**EXTRACTED MATERIAL:**
#####
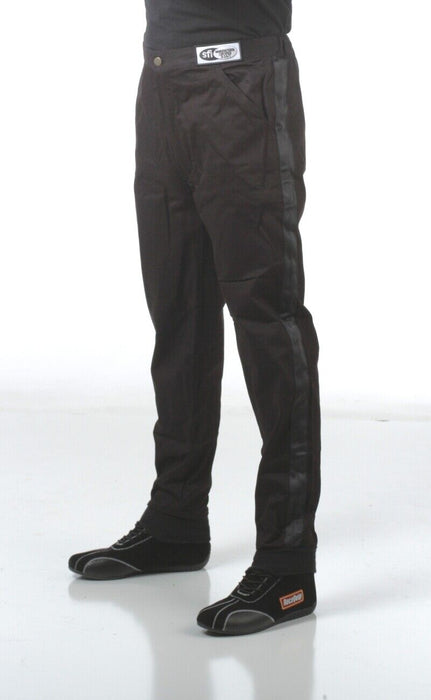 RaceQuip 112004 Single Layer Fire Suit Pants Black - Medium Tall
#####
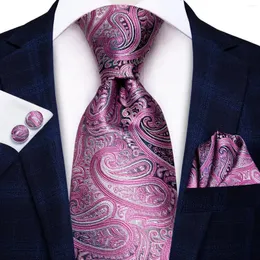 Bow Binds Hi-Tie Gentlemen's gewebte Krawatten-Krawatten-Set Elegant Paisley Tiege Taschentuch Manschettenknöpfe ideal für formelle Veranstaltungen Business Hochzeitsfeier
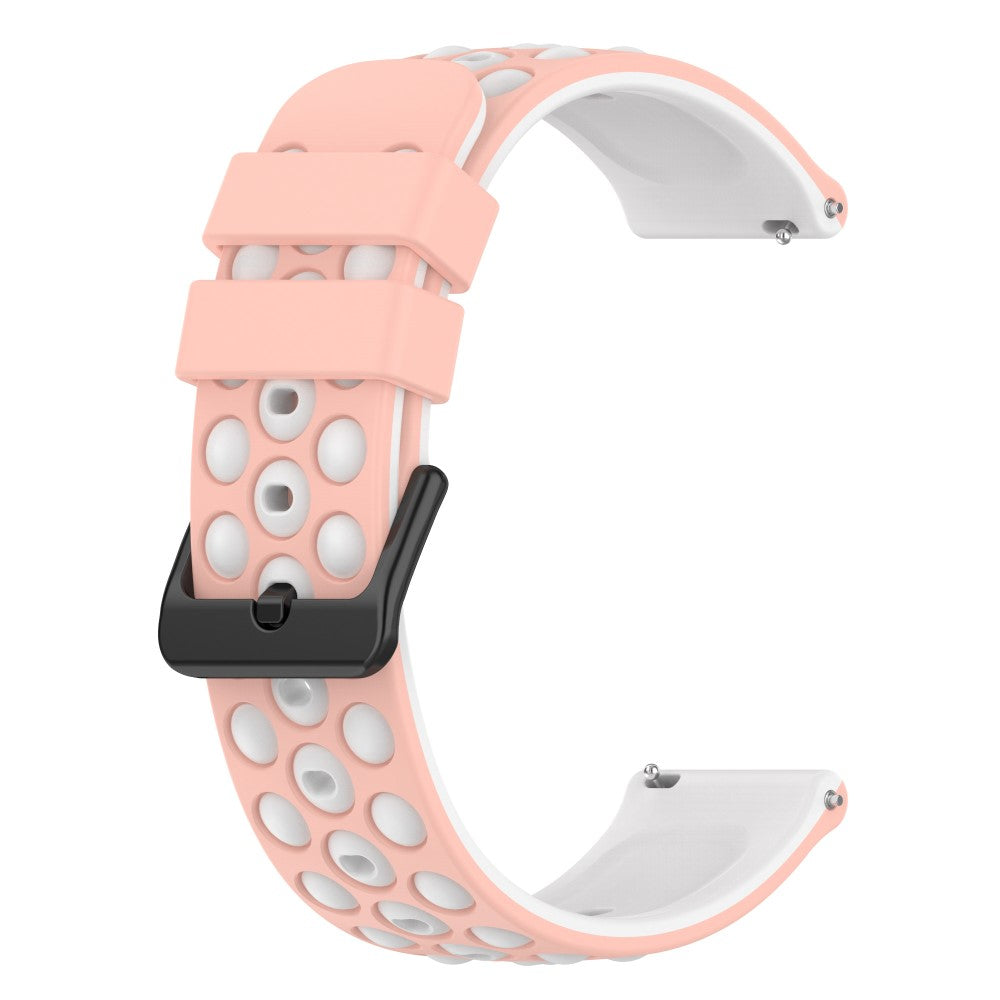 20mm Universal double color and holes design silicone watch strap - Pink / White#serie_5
#####
**PROBLEM:**
From the material above, reproduce only what runs from the line holding "Bow Binds Hi-Tie" down to the line holding "20mm Universal double", both included, pictures excluded.

**PROBLEM SOLUTION:**
 Bow Binds Hi-Tie Gentlemen's gewebte Krawatten-Krawatten-Set Elegant Paisley Tiege Taschentuch Manschettenknöpfe ideal für formelle Veranstaltungen Business Hochzeitsfeier
 20mm Universal double color and holes design silicone watch strap - Pink / White#serie_5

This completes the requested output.